Birthday Milestone
Updated: Nov 13, 2021
A great lesson from Madison made me feel better about growing old. Though I hadn’t taken lessons in ages, I took heart hearing i‘d still improved. Using Range builder and the Mastering Mix workout in the car have paid off! But just so we're clear though i've improved I know I'm still pretty cringe. The main thing we worked on is having the woofy yawn like tone balancing out my mix. It’s so hard finding and blending resonances and then keeping the consistency throughout the song. Certain vowels and words can just jam everything up! 😓 Try try try again!

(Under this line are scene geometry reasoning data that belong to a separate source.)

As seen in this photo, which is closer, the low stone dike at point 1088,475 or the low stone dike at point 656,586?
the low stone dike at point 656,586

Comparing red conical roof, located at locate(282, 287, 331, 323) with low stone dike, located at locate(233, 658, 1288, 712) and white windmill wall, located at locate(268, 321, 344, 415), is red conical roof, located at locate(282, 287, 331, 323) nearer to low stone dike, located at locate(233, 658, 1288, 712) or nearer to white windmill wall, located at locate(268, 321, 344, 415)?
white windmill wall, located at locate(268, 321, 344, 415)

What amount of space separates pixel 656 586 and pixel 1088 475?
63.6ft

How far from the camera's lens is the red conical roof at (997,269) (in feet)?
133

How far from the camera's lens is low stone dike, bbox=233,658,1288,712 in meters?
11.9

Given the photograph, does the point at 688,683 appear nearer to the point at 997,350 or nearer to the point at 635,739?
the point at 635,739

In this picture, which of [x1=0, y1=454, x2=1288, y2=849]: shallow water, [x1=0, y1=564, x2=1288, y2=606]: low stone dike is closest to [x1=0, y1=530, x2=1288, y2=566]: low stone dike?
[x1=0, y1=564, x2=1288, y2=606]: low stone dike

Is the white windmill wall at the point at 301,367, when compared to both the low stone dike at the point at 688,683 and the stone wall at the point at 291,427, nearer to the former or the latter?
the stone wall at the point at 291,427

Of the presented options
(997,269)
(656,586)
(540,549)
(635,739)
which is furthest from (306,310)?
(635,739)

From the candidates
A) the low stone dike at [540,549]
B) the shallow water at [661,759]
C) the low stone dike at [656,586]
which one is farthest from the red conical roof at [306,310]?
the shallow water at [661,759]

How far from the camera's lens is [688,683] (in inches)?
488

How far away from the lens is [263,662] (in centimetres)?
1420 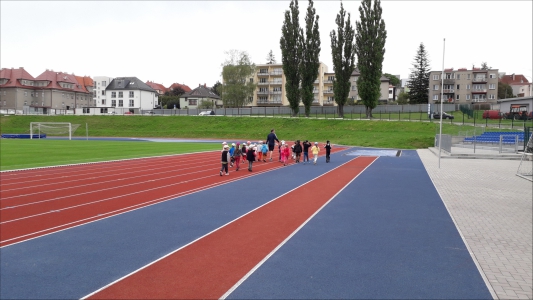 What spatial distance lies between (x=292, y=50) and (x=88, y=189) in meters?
47.4

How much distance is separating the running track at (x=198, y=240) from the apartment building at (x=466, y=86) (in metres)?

My life is half spent. How will the rest of it go? Will I finally get to pursue my own goals? Will I reach what I aspire to be? I keep getting interrupted and waiting for my turn. Some interruptions are sweet, others just frustrating. I know these moments will never come back, so each day I do my best to make it a joyful learning one.

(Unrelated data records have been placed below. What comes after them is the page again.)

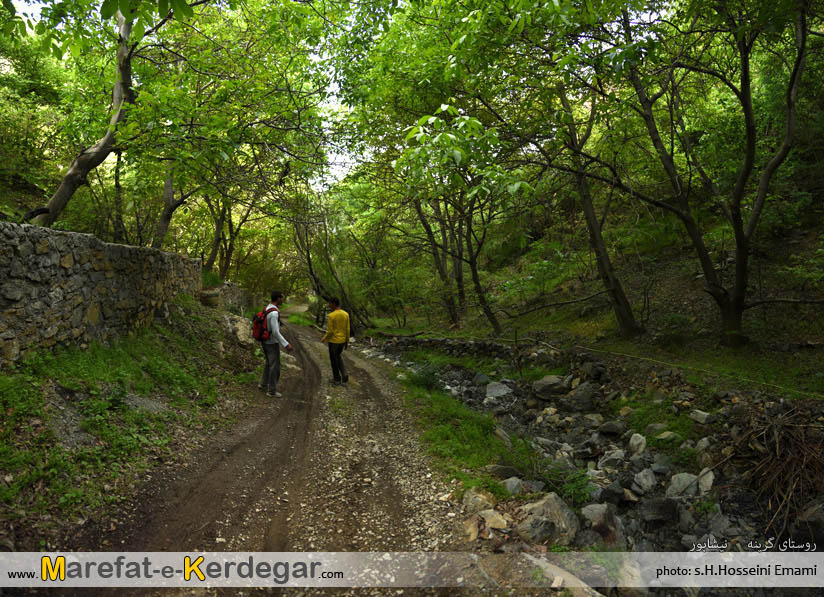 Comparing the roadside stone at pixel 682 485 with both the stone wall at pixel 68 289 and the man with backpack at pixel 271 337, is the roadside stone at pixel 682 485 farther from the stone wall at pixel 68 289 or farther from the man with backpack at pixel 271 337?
the stone wall at pixel 68 289

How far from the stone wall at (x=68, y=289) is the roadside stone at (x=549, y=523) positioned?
564 cm

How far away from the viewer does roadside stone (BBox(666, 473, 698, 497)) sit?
15.6 ft

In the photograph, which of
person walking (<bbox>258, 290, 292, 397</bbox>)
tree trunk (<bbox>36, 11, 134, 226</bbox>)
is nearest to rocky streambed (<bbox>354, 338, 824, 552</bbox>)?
person walking (<bbox>258, 290, 292, 397</bbox>)

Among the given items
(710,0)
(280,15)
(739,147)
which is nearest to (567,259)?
(739,147)

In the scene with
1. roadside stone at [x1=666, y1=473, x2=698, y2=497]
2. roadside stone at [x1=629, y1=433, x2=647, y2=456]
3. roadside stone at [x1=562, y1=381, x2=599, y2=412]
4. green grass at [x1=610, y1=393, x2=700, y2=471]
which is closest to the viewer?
roadside stone at [x1=666, y1=473, x2=698, y2=497]

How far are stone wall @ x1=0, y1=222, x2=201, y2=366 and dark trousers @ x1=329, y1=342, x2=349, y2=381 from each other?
143 inches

I’ve been listening to Lexi Walker’s Inspire album. She’s currently my favorite singer who models almost all I wish from my voice: that resonance permeating Every note, the unaffected naturalness, plus the ability to add colorful distortion at appropriate times. Tasteful, colorful, and authentic.
What seems to really help me change is opening up Smule after a lesson or warmup and just singing anything while listening to my voice and experimenting. Inevitably i'll hear things I don't like in my voice, and sometimes from playing around I figure out how to make them go away. For example, I recently figured out that I am trying too hard sometimes to make my voice do what I want. When I focus on the message of the song and relax things seem to sound a lot better. I also learned that once you find your resonators, you must figure out how to balance them. Only experimentation and lots of singing will yield results. The resonance part is something you must discover, not muscle or force. It either happens or it doesn't. The part you can feel is compression and lowering the larynx. High notes shouldn't be hard when you do them right. The cords should zip up and less air is better. If it hurts you're doing it wrong and stop, as Brett says.

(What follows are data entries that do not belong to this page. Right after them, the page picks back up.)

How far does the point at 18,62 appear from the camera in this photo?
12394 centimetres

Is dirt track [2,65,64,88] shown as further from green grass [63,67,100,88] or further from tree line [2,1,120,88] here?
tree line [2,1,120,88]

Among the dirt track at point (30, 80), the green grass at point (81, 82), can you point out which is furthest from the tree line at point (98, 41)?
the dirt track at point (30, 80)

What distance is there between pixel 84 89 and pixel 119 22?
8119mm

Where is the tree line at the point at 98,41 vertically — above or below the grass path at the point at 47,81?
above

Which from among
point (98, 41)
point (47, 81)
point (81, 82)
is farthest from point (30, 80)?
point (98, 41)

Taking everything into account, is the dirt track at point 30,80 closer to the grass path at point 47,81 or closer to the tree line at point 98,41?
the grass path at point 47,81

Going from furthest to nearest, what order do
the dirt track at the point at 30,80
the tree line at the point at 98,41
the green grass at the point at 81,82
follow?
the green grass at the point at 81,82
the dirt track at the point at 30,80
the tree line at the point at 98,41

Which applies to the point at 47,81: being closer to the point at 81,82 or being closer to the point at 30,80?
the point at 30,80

So much of singing is a mind game - a weird mix of conscious control and unconscious art, the perfection of which one may aspire to by first of all Listening - to oneself and to other singers. The more and varied singers you listen to the better. This lesson i've learned from Singing Success challenges. Being a genre purist is very limiting. Find people who are well loved in different genres and Listen carefully. Try to figure out what they are doing that makes people love them and see if you can take anything away from that.
Because I love you guys I will share a cringy recital from 2017. I was preggy at the time. I can't quite put my finger on what makes it cringe, but the element is there, alas. I've done a lot of work on my voice since too. i'll have to make a new recording of this neat song sometime to see how far i've come. At that point in 2017 I'd mostly just done Singing Success in the car, with only a handful of lessons with a human instructor through my church. Weak sauce, but I think i'd be a lot worse was I not faithfully practicing vocal exercises.
Now I need to learn “You light up my life “ as sung by LeeAnn Rimes for a wedding in November. I've never been big on Country music, but I am learning. There's a special resonance she has that makes this relatively simple song showcase her strong voice. Currently it's an enigma to me. I either fall too pharyngeal or too heady. It's the woofy chest I need to blend in, and make that darn larynx stop sneaking up!
I got an assignment too- listen to and learn Wendy Moten’s “Your love is all I know.” I'm so blessed to have met her - she's such a wonderful kind person and a big inspiration! I'm starting to be able to hear a common ingredient in these great singers across the genres, if I can only figure out how to do it!